3. The background of the impugned orders becomes clear from the meeting of the Policy Interpretation Committee ("PIC") under the aegis of the DGFT, held on 15th March, 2011. In relation to non-mega power projects, the PIC clarified that except as provided under Paragraph 8.2.(d) of the policy, the supply of cement and steel would not be eligible for deemed export benefits. This view was reiterated in the PIC meeting dated 9th September, 2011. This led to a show-cause notice to Simplex on 28th April, 2012, which ultimately culminated in the two impugned orders. Simplex also challenges the minutes of the two PIC meetings referred to above.

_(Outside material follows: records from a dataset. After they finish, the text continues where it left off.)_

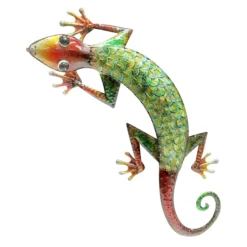 Metal Gecko Outdoor Wall Decor, 27.75"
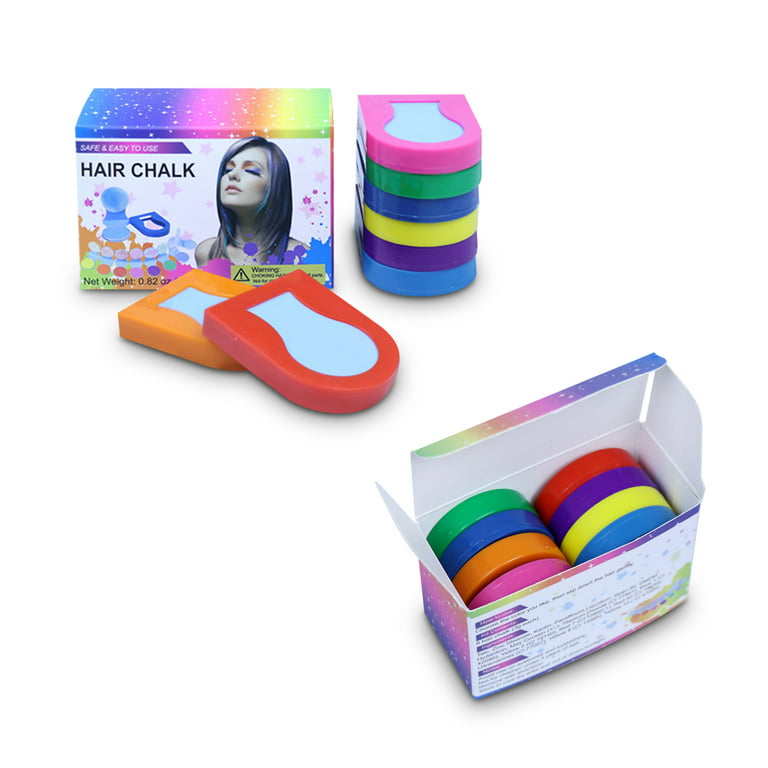 Hair Chalk Kids Girls Gift Temporary Dye Colors Kit Pastels Soft Salon  Cream Set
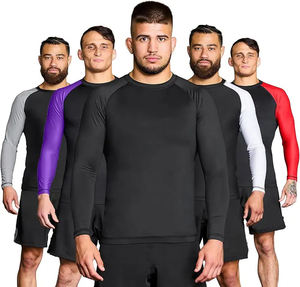 Rashguards personnalisés pour BJJ et MMA - Impression par sublimation durable, respirant, antibactérien, séchage rapide pour l'entraînement en salle de sport - Product Image 1
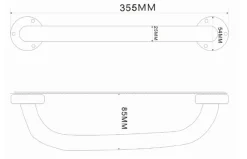 Tilbehør Til Badeværelset*Støttegreb 30 cm krom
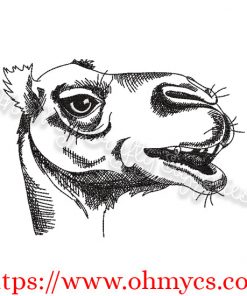 Sketch Camel Embroidery Design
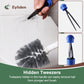 Eyliden Toilet Brush and Plunger Set for Toilet Cleaning, Brush with Base, Blue, 2 Count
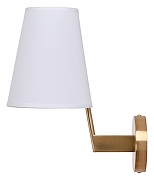 Бра MyFar Aurora MR1930-1W цвет плафона/подвески Белый, цвет арматуры Латунь-1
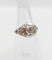 Bague Art Déco or blanc, diamant et monture géométrique 58 Facettes A05884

4. Various grounds have been urged by Simplex. It is first argued that the PIC was constituted by an amendment to the policy in 2012, and thus, the PIC does not have the authority to concern itself with the application of the policy before its constitution. The amendment to paragraph 2.3 of the policy, which forms the basis of the legal authority of the PIC, came into existence after the refund of the TED in this case. On this ground, it is argued that the actions of the PIC, which form the basis of the impugned orders of the Deputy and Joint DGFT are void. Independently, and in the alternative, Simplex also challenges the vires of paragraph 2.3 of the policy, on the ground that the power to interpret the policy under the governing legislation lies with the DGFT. The 2012 amendment to the policy traverses beyond the FTDR Act, by providing the PIC an unfettered authority to interpret the provision to the policy. Further, it is argued that the show-cause notice itself notes that the TED was lawfully refunded to Simplex, and thus, any subsequent change in interpretation cannot upset settled legal rights that accrue in favour of Simplex under the policy. It is argued that such action is arbitrary, in that settled legal rights are ignored, by a unilateral change in interpretation that was not known to Simplex, nor could have been known in the circumstances. Further, it is argued that the power to review an order under the policy is granted to the DGFT u/s 16 of the Act, which in this case was impermissibly exercised by the Deputy DGFT.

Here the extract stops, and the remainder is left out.